*** PROVIDED DATA ***

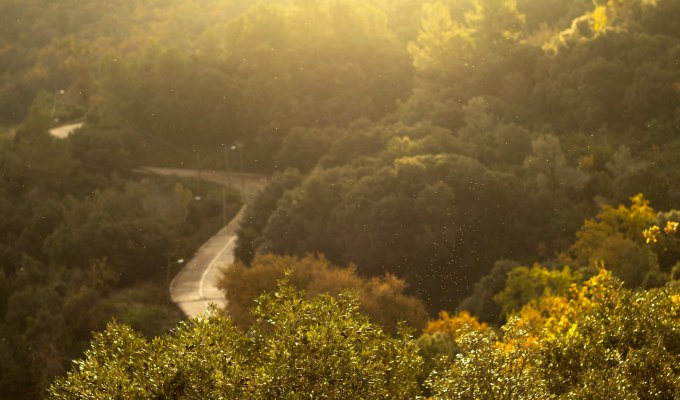 Fotografia Conscient a&nbsp;Collserola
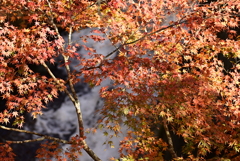 紅葉の大芦渓谷　Ⅱ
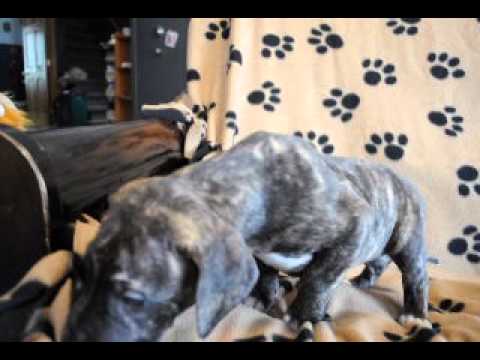 Brindle girl 4 weeks old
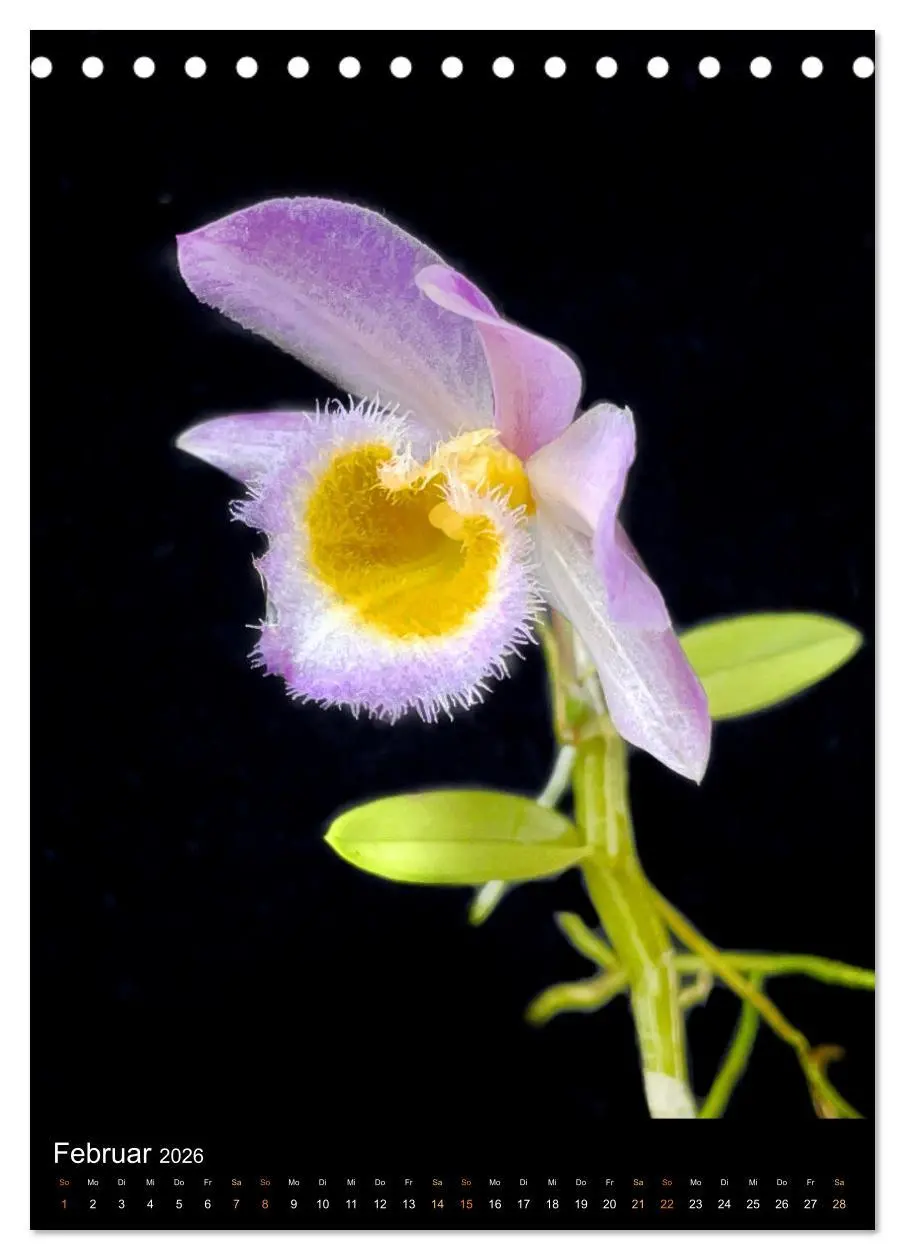 Bild: 9783516327205 | Orchideen - Exoten im Wohnzimmer (Tischkalender 2026 DIN A5 hoch),...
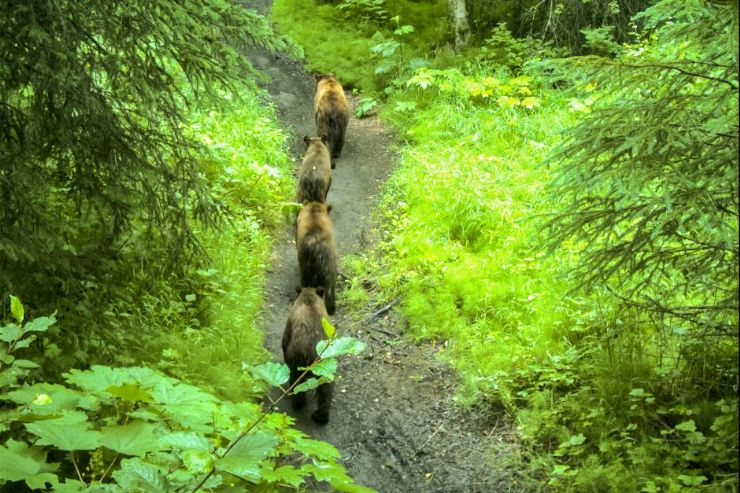 Dangerous Bears on Rovers Run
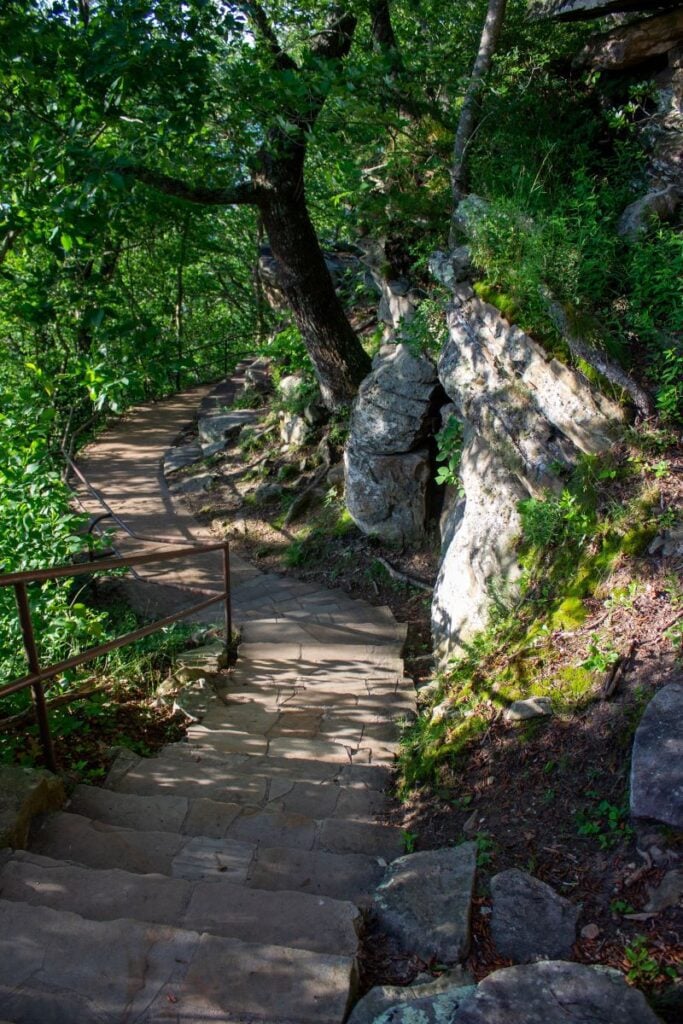 A staircase surrounded by dense jungle vegetation, leading up the majestic Lookout Mountain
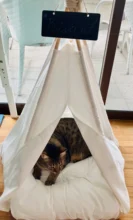 Tipi de Gato con cojín y pizarra para perros, carpa portátil para perros y casas de mascotas, tienda plegable de lona de madera para mascotas, cama para animales pequeños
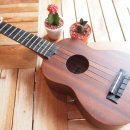 우쿨렐레(주말) 이미지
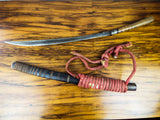 Antique 19th C Burmese Sword Widening Blade Dha With Scabbard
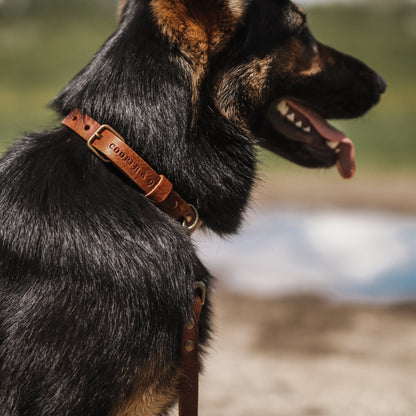 No Fuss Halsband Hond Leer Bruin - Cooper & Quint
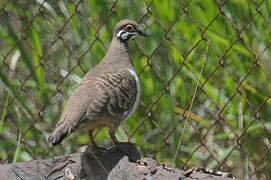 Squatter Pigeon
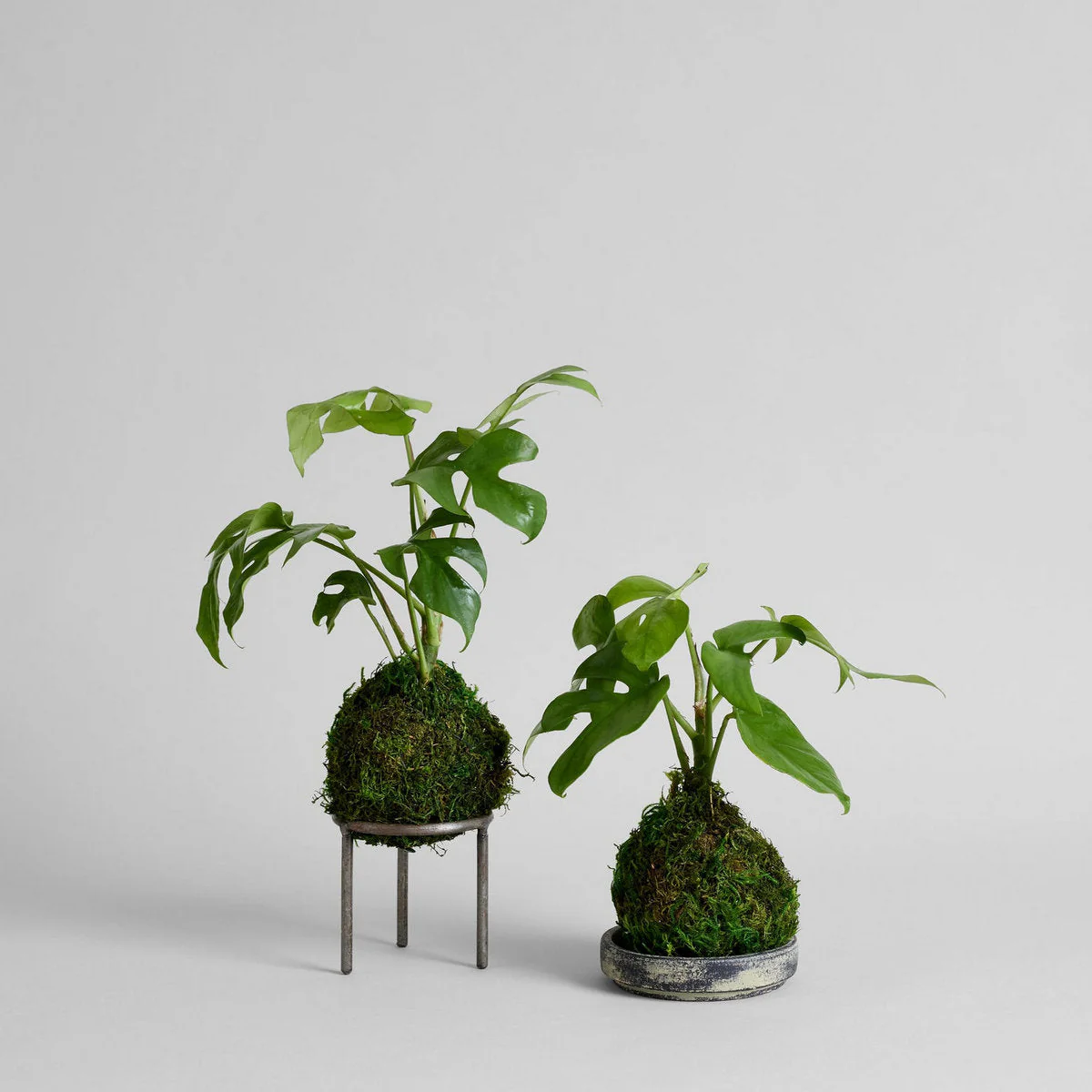 Wrought Iron Planter Stand - Image 3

*** End of PROVIDED DATA ***

WORK INSTRUCTIONS
From the first line to the last, retype the data exactly, but omit every image.

ANSWER TO THIS EXERCISE
 Fotografia Conscient a&nbsp;Collserola
 紅葉の大芦渓谷　Ⅱ
 Brindle girl 4 weeks old
 Bild: 9783516327205 | Orchideen - Exoten im Wohnzimmer (Tischkalender 2026 DIN A5 hoch),...
 Dangerous Bears on Rovers Run
 A staircase surrounded by dense jungle vegetation, leading up the majestic Lookout Mountain
 Tipi de Gato con cojín y pizarra para perros, carpa portátil para perros y casas de mascotas, tienda plegable de lona de madera para mascotas, cama para animales pequeños
 우쿨렐레(주말) 이미지
 Antique 19th C Burmese Sword Widening Blade Dha With Scabbard
 No Fuss Halsband Hond Leer Bruin - Cooper & Quint
 Squatter Pigeon
 Wrought Iron Planter Stand - Image 3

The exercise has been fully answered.